Teams show high school sports not all about winning

Steve Bartlett
Published on March 3, 2012
Kevin, Sarah and Lynn Emberley with a poster for the annual basketball tournament held in memory of David, who drowned nine years ago. - Photo by Steve Bartlett/The Telegram

It started with a simple gesture. Sean Doyle, teacher and athletic director at Mobile Central High, wanted to add a girls' division to the David Emberley Memorial Basketball Tournament.

The event had been boys-only since the inaugural tip-off eight years ago, but there were different factors at play this year.

David's little sister, Sarah, plays with the Mobile girls' team and is graduating. Doyle and the organizers thought it would be fitting for her to play in the tourney that remembered her brother. The former Mobile player drowned nine years ago this June.

The tragedy happened on Sarah's ninth birthday - just two weeks before he would have turned 15.

The fact Sarah is coached by her father Kevin and older sister Laura - obviously David's dad and sibling, too - made adding a girl's competition even more apropos.

Still, the Emberleys were hesitant about breaking with tradition.

"I didn't want it to be for every year," Sarah says. "I only wanted it to be for one year if it happened."

Eventually the family was on side.

The tournament went ahead Feb. 16-18, with eight teams vying for the boys title and five after the girls crown.

No one expected that chase by competitive teams would produce two magical moments, where winning took a backseat to sportsmanship and friendship.

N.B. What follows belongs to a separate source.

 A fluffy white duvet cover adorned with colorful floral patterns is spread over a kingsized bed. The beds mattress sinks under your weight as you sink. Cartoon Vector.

The top teams in the girls round robin were to meet in the championship game.

When the buzzer sounded on the final round-robin match, Baltimore High of Ferryland and Stella Maris from Trepassey were set to play for gold.

Host Mobile sat in third and out of contention.

That was until Baltimore did the unexpected and announced they were pulling out of the tournament.

Their decision wasn't fueled by controversy: Baltimore simply wanted Mobile to play for the David Emberley championship.

"We've been around basketball long enough to know how important it is to a team to make it to the finals. ... For Baltimore to give up their place was a big thing and we really appreciated it," says Lynn Emberley, mother to David, Sarah and Laura and wife to Kevin.

Her husband was wowed by the gesture. Coach Kevin has been involved in sports for decades and had never heard of a team giving up a chance to play for a medal.

So Mobile went to the championship game against Stella Maris, with the Baltimore players among the spectators in a packed gym cheering them on.

The title match was hard fought and close, but the Trepassey team emerged the winner by a score of 67-60.

Then the unexpected happened again.

The Trepassey players gave their gold medals to the Mobile girls.

"It was like something you'd see in a movie that would never happen in real life," says Sarah.

According to numerous accounts, there wasn't a dry eye in the gym.

Sarah, her family and her teammates were among those who filled up.

"It even brought tears to my eyes," says Kevin, who had "knots in his chest" recounting the story.

Doyle, who has coached for about 25 years, says it was one of the greatest displays of sportsmanship he's ever witnessed.

The Telegram asked to speak with a Stella Maris player about why they gave up gold.

Instead, one girl offered a team statement on the condition she wouldn't be identified.

She explained it was a team decision to hand the medals to the Mobile players.

"We know that if they were in our shoes then they would do the same for us. We respect them and we're all friends on and off the court. We kind of said, no matter where we play or who we play, we always remember where we are from (and) sportsmanship comes first."

Stella Maris coach Jacinta McGrath say the team told her its intentions before the game.

"It didn't surprise me that the girls did something like that because they are a very nice bunch of girls," she says.

"It was their way of showing them ... we were there for them in the spirit of the tournament."

The Emberleys are moved by the actions of both Stella Maris and Baltimore.

"I think it's a beautiful thing to have happen at (David's) tournament because that's what we want his tournament to be - good sportsmanship and fun and hard play," says Lynn.

"That's what David was like," adds Kevin.

Mobile, Baltimore and Stella Maris are battling on the court again this weekend. Don't expect either team to step aside or give up a medal though. It's their regional playdowns and the top teams advance to the provincials.

"We go out to beat each other," Kevin says. "It's a competitive sport."

But win or lose, he won't forget what his opponents did during the tournament remembering his son.